予想以上に不謹慎、想像以上にカオス。震災チャリティーAVを巡り、原発、宗教、天皇、北朝鮮に始まり、ディズニー、AKB、けいおん……、今ぱっと思いつく限りの「批判できない空気」があるテーマをエログロ交えて書き荒らす。

十年後、二十年後まで残っているような名作とは思わないけど、面白い。こういう作品が出せるのが文学や小説の懐の深さだろう。

河北新報のいちばん長い日 震災下の地元紙

河北新報社「河北新報のいちばん長い日 震災下の地元紙」

あの時、宮城や福島にいた記者が何を感じ、どう動いたのか。取材する記者一人一人も、人間で、被災者で、でも取材者と取材対象者は決して同じ立場ではない。

少しでも多くの人に読んで、自分ならどうするか想像してもらいたい記録。

「フクシマ」論 原子力ムラはなぜ生まれたのか

開沼博「『フクシマ』論 原子力ムラはなぜ生まれたのか」

地方が自発的、自動的に中央に服従し、原発を抱きしめていく歴史。それを説明するには財政だけでなく、文化的、心情的な側面にも触れなくてはならない。原発推進派も反対派も語ることがない立地地域の実情を丁寧に追っている。

福島、それも原発に近い地域に住んだことがある人間なら、ここに書かれていることは当たり前で目新しさは無い。原発事故前に書かれた修士論文がもとで、地方を「植民地」と位置づける考察も単純すぎる気がするが、今だからこそ多くの人に知ってもらいたい現実。

世界の放射線被曝地調査

高田純「世界の放射線被曝地調査 ―自ら測定した渾身のレポート」

ルポのようで読み物として面白い。セミパラチンスクなどは有名だが、他にもこれほどの被曝地が地球上にあるというのが結構な衝撃。

「結果を住民に知らせることが調査の基本的ルールである」

今、福島県内に調査に入っている学者や市民団体に聞かせてやりたい。

三陸海岸大津波

吉村昭「三陸海岸大津波」

明治29、昭和8、35年…と繰り返し津波に襲われた三陸の記録。
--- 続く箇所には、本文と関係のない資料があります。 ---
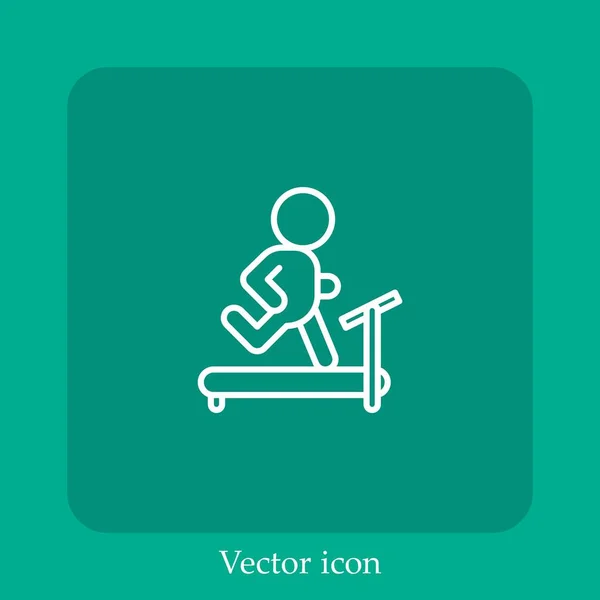 Cinta Correr Icono Vectorial Icon Line Lineal Con Carrera Editable — Vector de stock
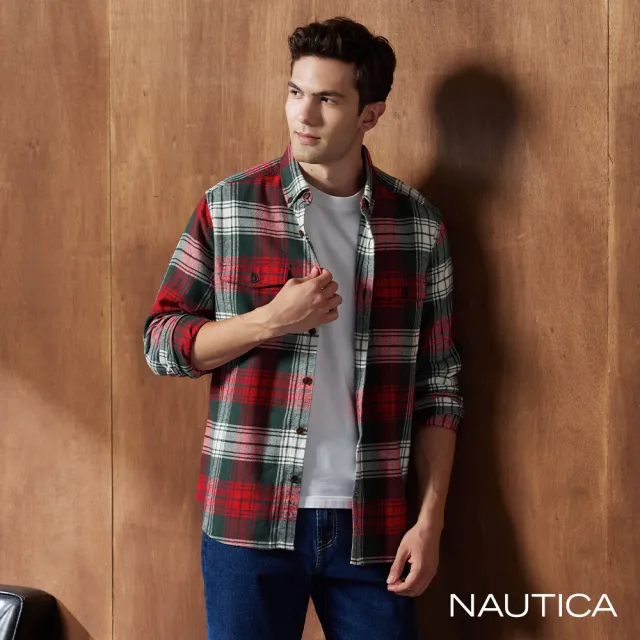 【NAUTICA】男裝 跳色格紋舒適長袖襯衫(紅綠)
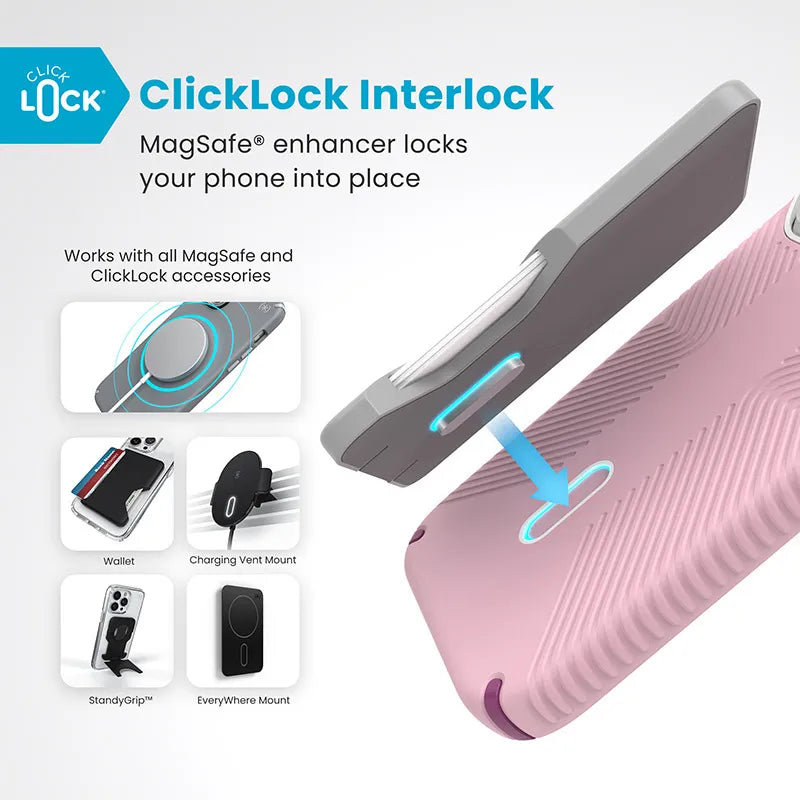 Speck Presidio2 Grip ClickLock & MagSafe – dėklas iPhone 16 Pro (Wednesday Pink / Boysenberry Purple / White)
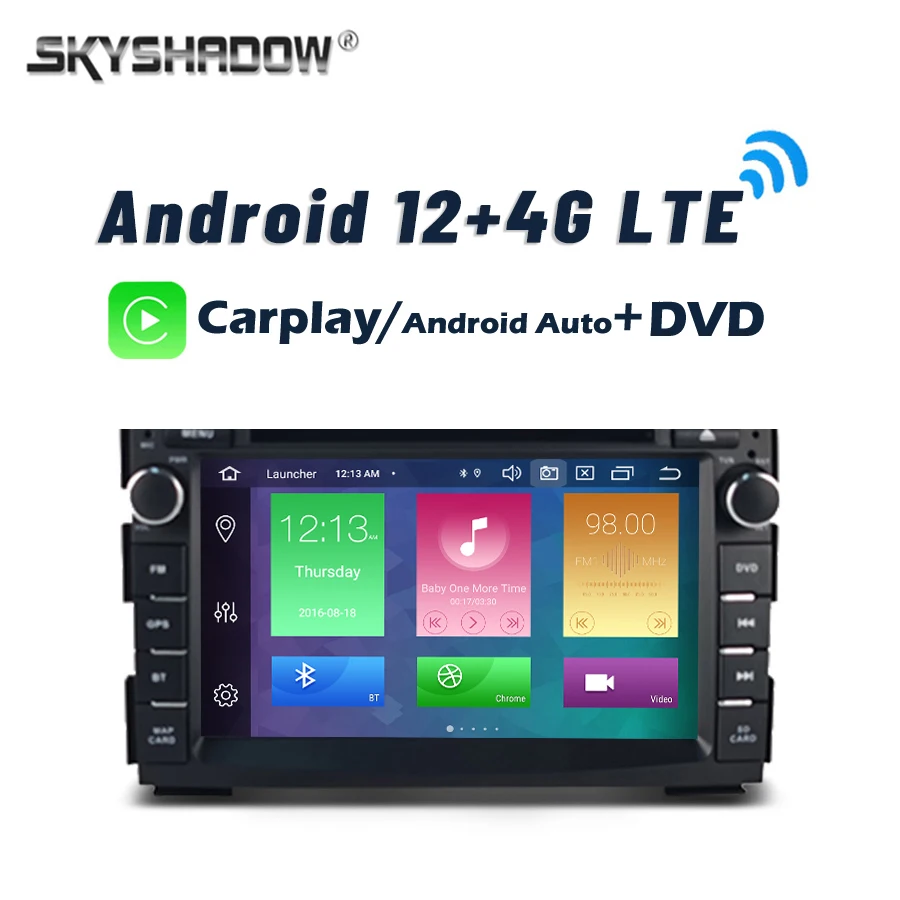 DVD Carplay 4G LTE IPS DSP Android 12.0 8G+128G 8Core Car DVD Player GPS Wifi DVR camera Radio Bluetooth For Kia Ceed 2009 -2012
吉村昭の作品にしてはあっさり気味の文章だけど、収録された子供達の作文のためだけでも読む価値がある。

2度の壊滅を経て巨大な防潮堤を築いた田老町だが、今回再び町が消えた。著者が存命なら今何を書いただろう。

原子炉を眠らせ、太陽を呼び覚ませ

森永晴彦「原子炉を眠らせ、太陽を呼び覚ませ」

戦時中から原子核物理学に携わってきた研究者の14年前の提言。原子力の平和利用に理解を示しつつ、脱原発の道を探る。

太陽光という結論はいまや理想主義的すぎる気もするが、日本の原子力防災の甘さの指摘など、JCO事故以前の執筆とは思えない。